# **Hybrid System for Lung Cancer Classification**

Created by : Harjinder Singh <br>
Email : hjbrar7@gmail.com

Here i will create a Hybrid System using **Particle Swarm Optimisation** and **Logistic Regression**.

We will see how to use **PSO** to extract usefull features from dataset and then train our model on these features.
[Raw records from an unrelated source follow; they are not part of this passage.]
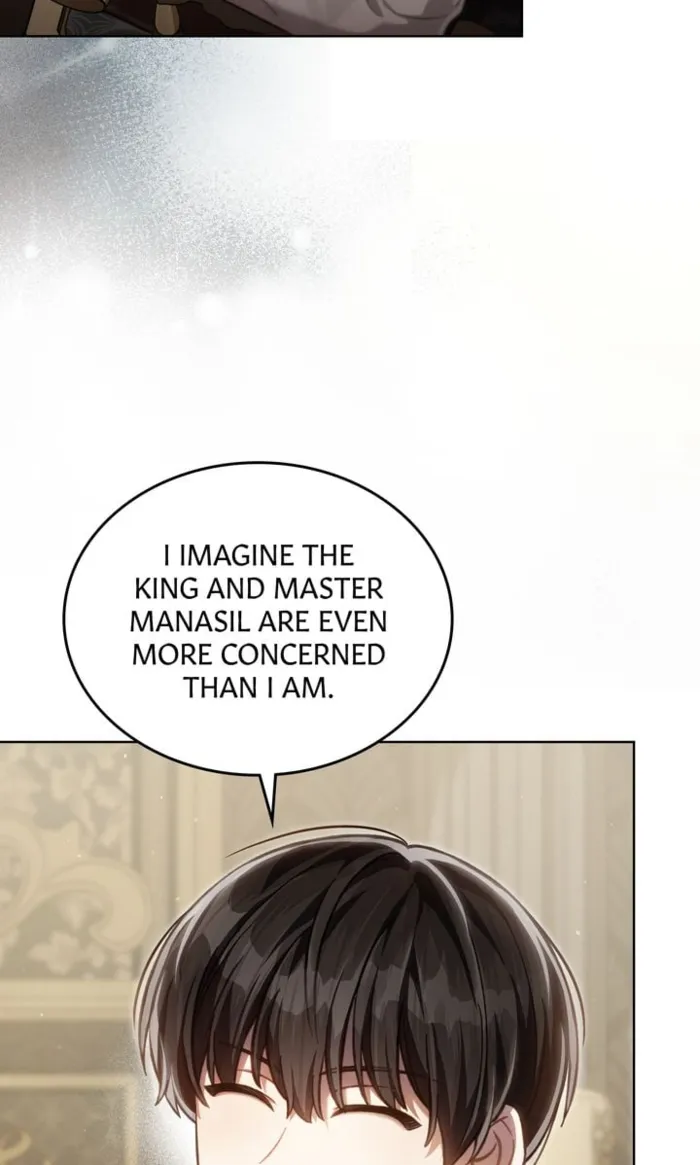 Read Reborn as the Enemy Prince EN Manga Online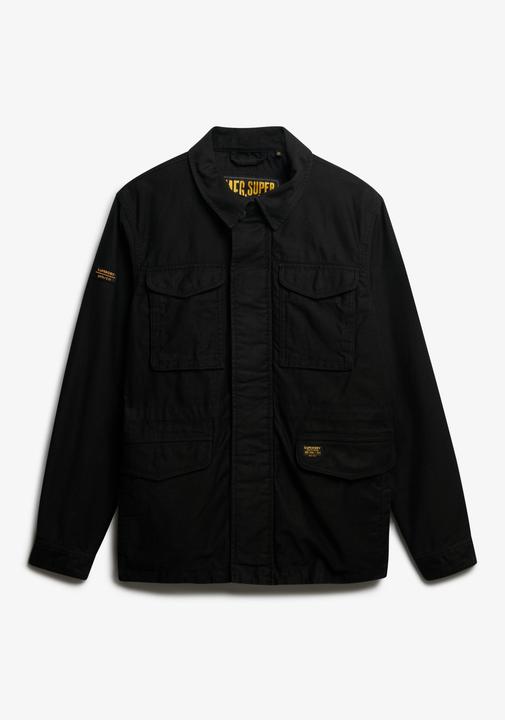 Actual product image Superdry Collared M65 Jacket (XL)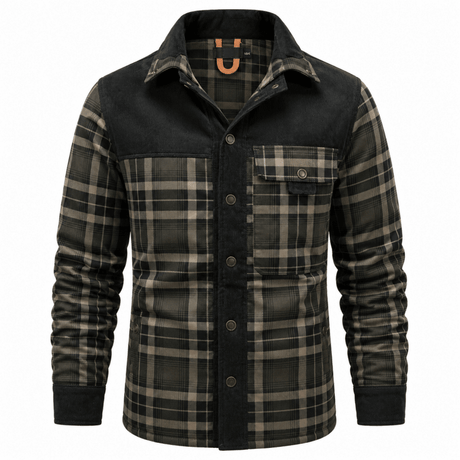 H.D Frontier Jacket - Handsome Dans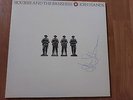 SIOUXSIE AND THE BANSHEES-JOIN HANDS LP(POLYDOR)SIGNED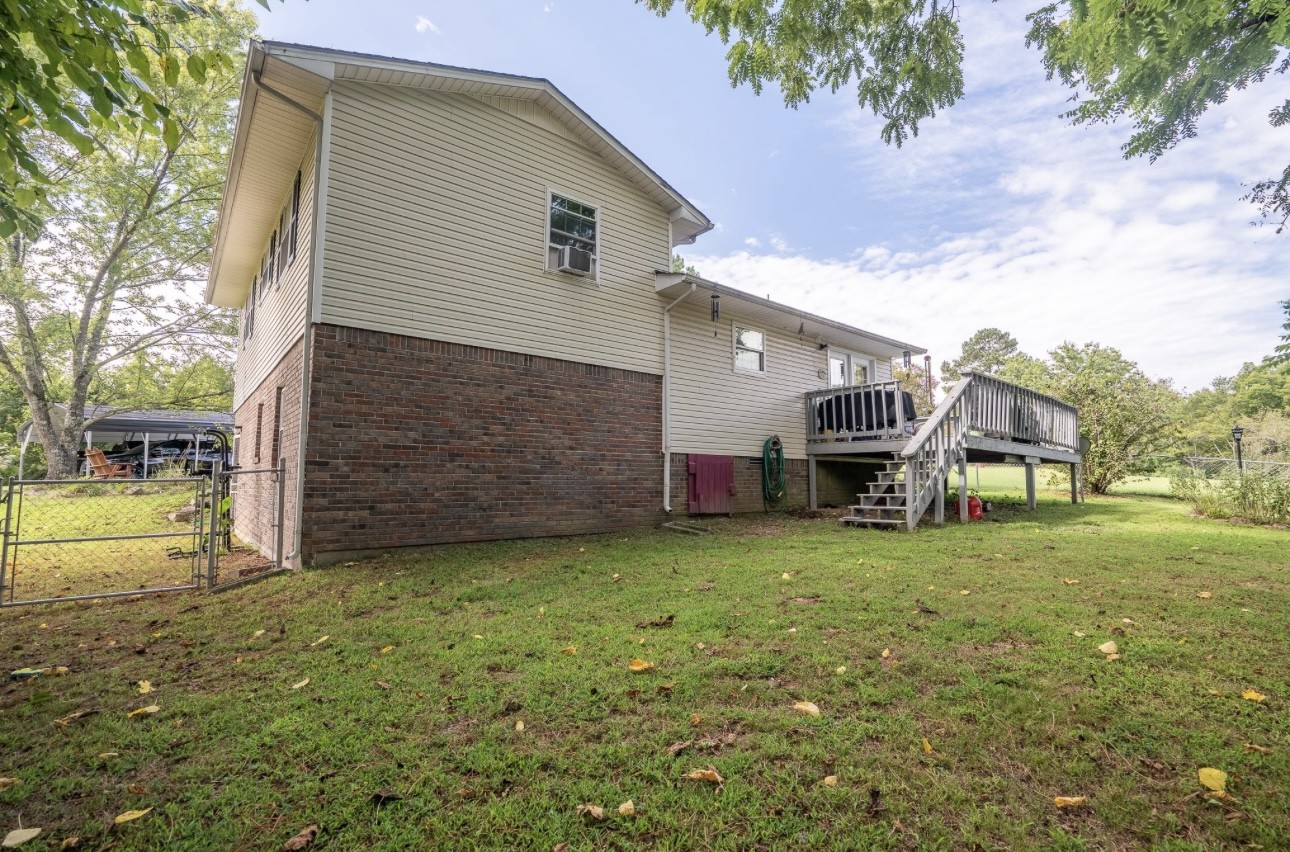652 Old Florence Pulaski Rd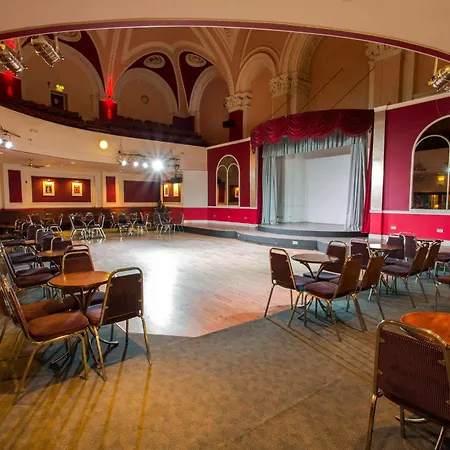 The Grand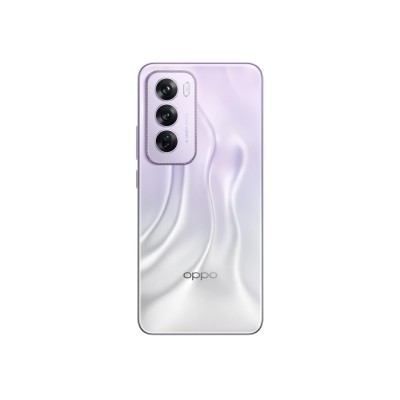OPPO Reno12 Pro 5G 12/512GB Nebula Silver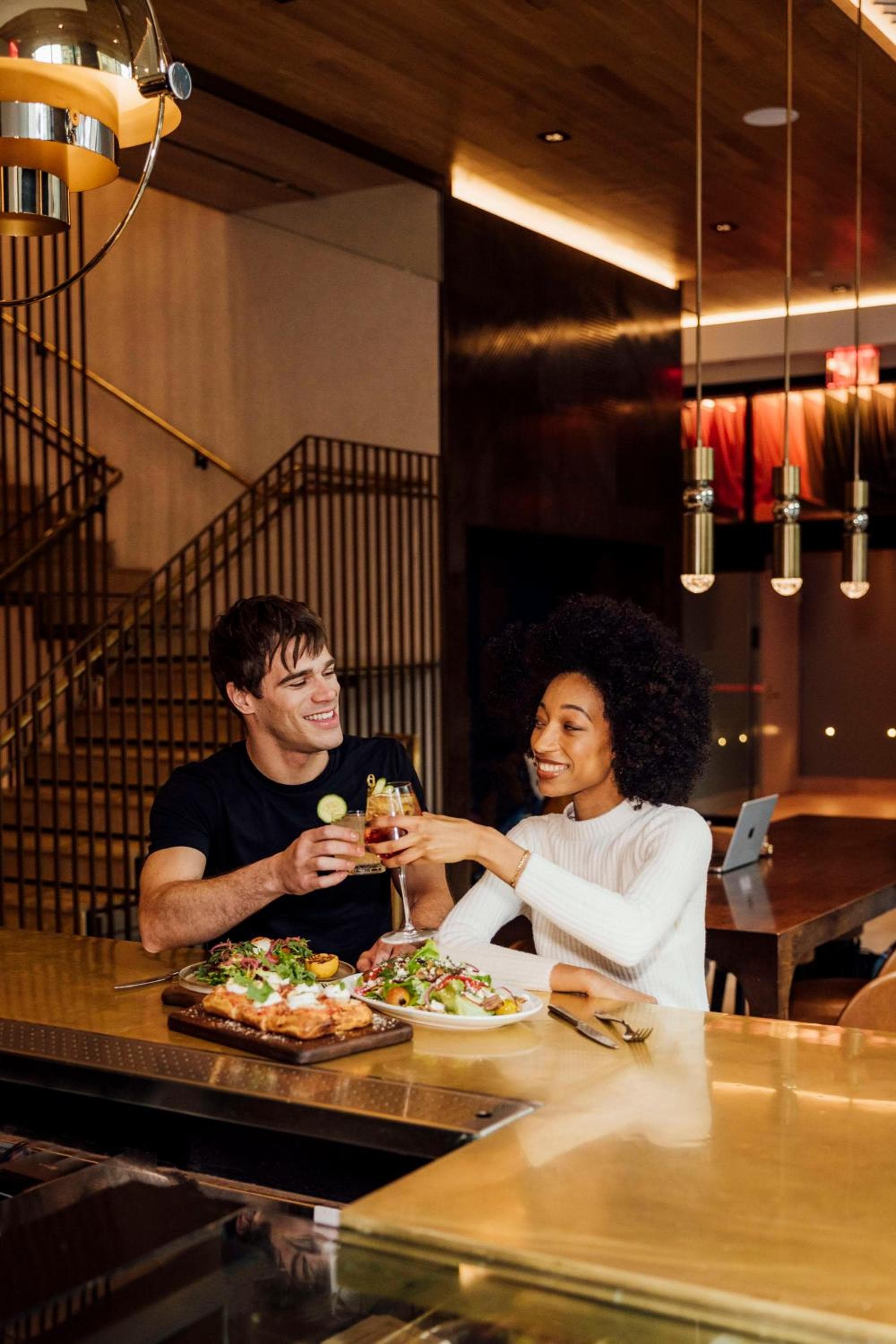 Motto by Hilton New York City Chelsea hotel, 113 West 24th Street, New York, United States — photo 135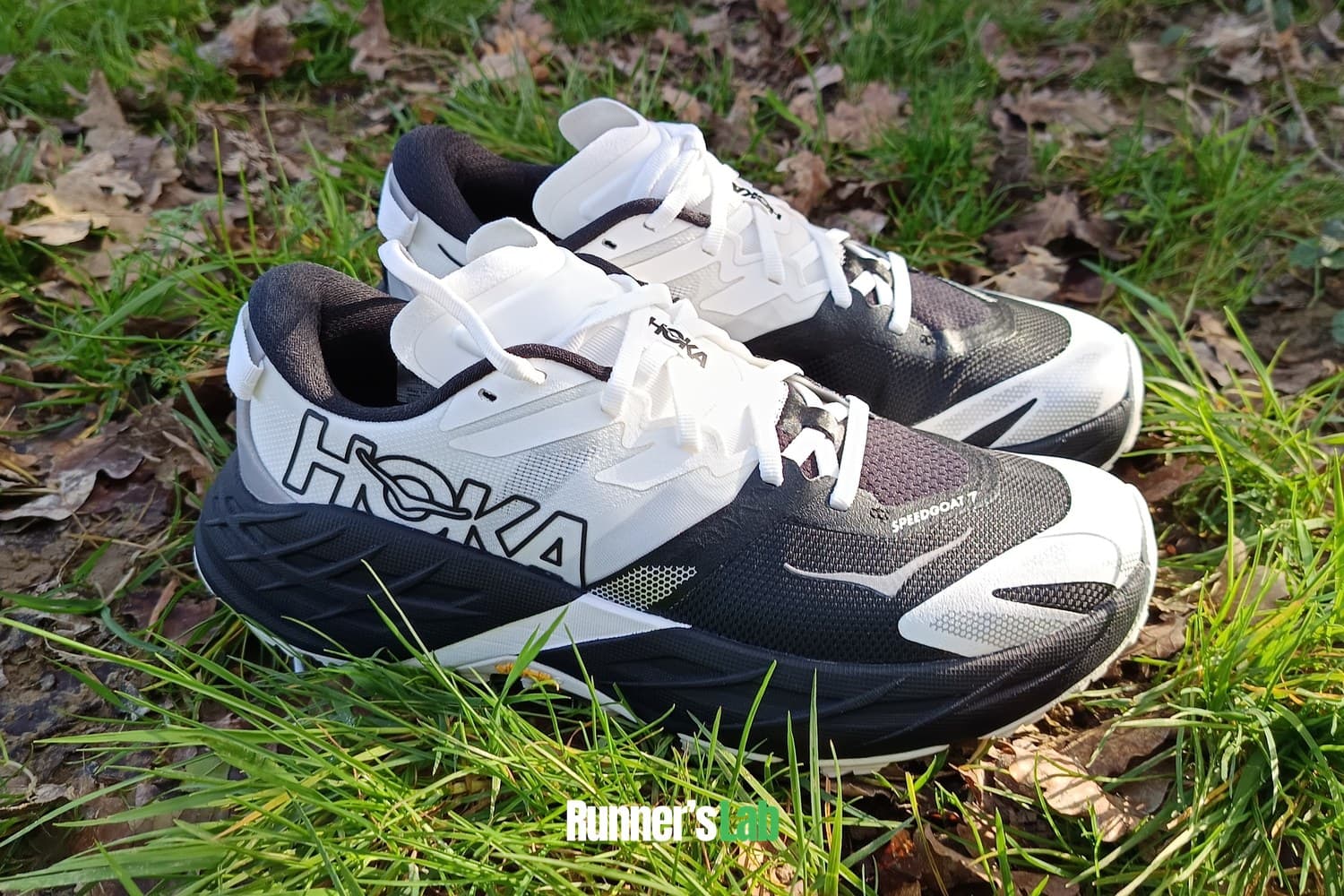 Hoka Speedgoat 7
### **Importing Useful Libraries**

In [0]:
import numpy as np
import pandas as pd
import matplotlib.pyplot as plt
import seaborn as sns
sns.set(style="darkgrid")

def warn(*args, **kwargs):
    pass
import warnings
warnings.warn = warn

from sklearn.exceptions import DataConversionWarning
warnings.filterwarnings(action='ignore', category=DataConversionWarning)

### **Importing Dataset**

Dataset that we are using here is taken from **UCI Machine Learning Repository**. <br>
Link to dataset is <a href="http://archive.ics.uci.edu/ml/datasets/Lung+Cancer" > Lung Cancer Dataset </a> <br>

This dataset contain 32 examples and 56 attributes. <br>
some of its fields are missing So we need to Purify this dataset before using it in out ML model.

---
### ***Note :***
This dataset is not big enough to train good Machine Learning Model


In [0]:
data_url = "http://archive.ics.uci.edu/ml/machine-learning-databases/lung-cancer/lung-cancer.data"
data = pd.read_csv(data_url,header=None)
data.head()

In [0]:
data.describe()

In [0]:
data.info()

## Preprocessing

In [0]:
# Convert the column name
data.columns = [str(x) for x in range(len(data.columns))]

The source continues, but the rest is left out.